The duo presented a paper published by a group of cryptographers providing feedback on the EUDI Wallet Architecture and Reference Framework (ARF), a document providing guidance on security, privacy by design, and user control over personal data. The research, published in June this year, concludes that a larger redesign is in order, proposing a cryptographic mechanism called anonymous credentials, specifically the BBS family of anonymous credentials.

During the presentation, Lohinger and Lehmann analyzed issues mentioned in the paper alongside drawbacks of the eIDAS regulation when it comes to privacy.

“Digital identity systems are either extremely respectful to our privacy and do the utmost to protect it, or they shouldn’t exist because their harm probably outweighs the benefit,” says Lohninger.

Yubico enters German digital ID competition finals

While cryptographers are expressing doubts, companies are moving forward with digital ID projects.

Biometric security hardware firm Yubico has been selected as a finalist for the German national competition to create an EUDI Wallet prototype.

The 13-month prototype competition is organized by the German Federal Agency for Leap Innovation (SPRIND) on behalf of the Federal Ministry of the Interior and Community (BMI).
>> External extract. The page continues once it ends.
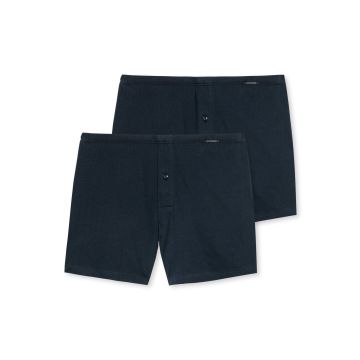 Schiesser heren 2 pack Boxershorts wijd 174002 803 donkerblauw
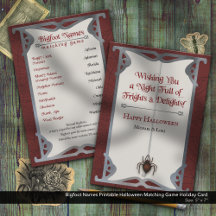 Noms Bigfoot Imprimable Halloween Jeu de correspon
The competition invited six companies to participate with state funding and another five companies within the non-funding track.

Yubico has been competing within the non-funding track as part of the wwWallet open standards identity project which also includes Sunet (Swedish University Computer Network) and GUnet (Greek Universities Network). The group demonstrated how a wallet can provision credentials from the German national eID (the Neue Personalausweis Smart Card), testing it within a Large-Scale Pilot with other relying parties.

The project involved Yubico’s hardware authentication devices YubiKeys for logging into and encrypting the wallet.

“The open standards nature of the wwWallet project is making interoperable and safe solutions for all users – all backed by the phishing-resistant, hardware-based security of YubiKeys which gives the ability to seamlessly use digital identity wallets in the ways that matter most,” says Yubico’s architect John Bradley.

Among other companies competing in SPRIND’s EUDI Wallet competition are Google, Samsung and German digital ID wallet maker Lissi, which also announced it has qualified for the final phase.